This page is obsolete. Communication should be done in the background (ToDo)!

MPI-SpeedUp for SpinPack (matrix at memory, updated Mar09)

SpinPack MPI-SpeedUp measured (Mar09) MPI-Stress Benchmark (Mar09)

Now we could compare new SC5832 machine (light green) to an Infiniband cluster with two QuadOpteron Nodes (brown curve), which has enough bandwitdh to show good scaling. Both scale well, but the SC5832 is better on a peak GFLOP or energy consumption base. The MPI-Stress benchmark shows that the infiniband cluster has much higher latencies for collective communication. The SMP machines have latencies of 1.9us for a 4-socket DualOpteron and 3.1us for a 8-socket QuadOpteron system using OpenMPI-1.2.6. The Altix4700 at the LRZ has 510 usable IA64 Prozessors per Numalink-Partition. The MPI speed depends very strongly from the MPI package size (vertical lines, 128kB for middle line).

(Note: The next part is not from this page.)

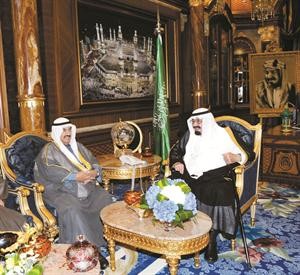خادم الحرمين الشريفين اثناء استقباله سمو رئيس مجلس الوزراء الشيخ ناصر المحمد اثناء جولته الخليجية﻿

update 2018: the main part is SpMV network-IO-bounded with a (ideal) FLOP:Byte-Ratio of 2F:4B to 8F:8B (0.5 ... 1 FLOP/Byte).
The SiCortex has 6 MIPS each 2 FLOP/clk * 700MHz = 8.4GFLOP/s - nodes but 3GB/s/node network (but 0.35GB/s/node at 100% load measured) with a FLOP:Byte Ratio of about 2 (real: 5GF/0.35GB= 14 FLOP/Byte). Power is 3.26W/core (19.5W/node, 2.3W/GF).
The Altix4700 4 FLOP/clk * 1.6GHz = 6.4 GF/s/core and 32*6.4 GB/s (NUMAlink4) for 512 cores = 0.4 GB/s/core results to 16 FLOP/Byte which looks excellent. But this is Intra-512core-partition only. Between partitions we have 0.1 GB/s/blade-pair(2cores) = 50 MB/s/c only. results to 128 FLOP/Byte. This means the Altix4700 can not profit from the much better CPU because CPU waits for Inter-Partition-Network data 99.2% of time (at SpMV) or 0.8% of RPeak can be used for SpMV where as 7% of SiCortex-RPeak can (ideally) be used. With 17.6W/GF the SpMV-speed/W are about 0.8%*1GF/17.6W=0.45MF/W of Altix4700 vs 7%*1GF/2.3W=30MF/W of SiCortex(MIPS). That means the SiCortex is about 67 times more energy efficient in SpMV assuming same power consumption for HPL and SpMV computation, or 8 times better compared to single Altix4700-Partition with 512 cores. By the way HLRBII Altix4700 had 4GB/core and was from 04/2007 1.1MW/9728cores=113W/core, mass=10.6kg/core, maxJobTime=48h.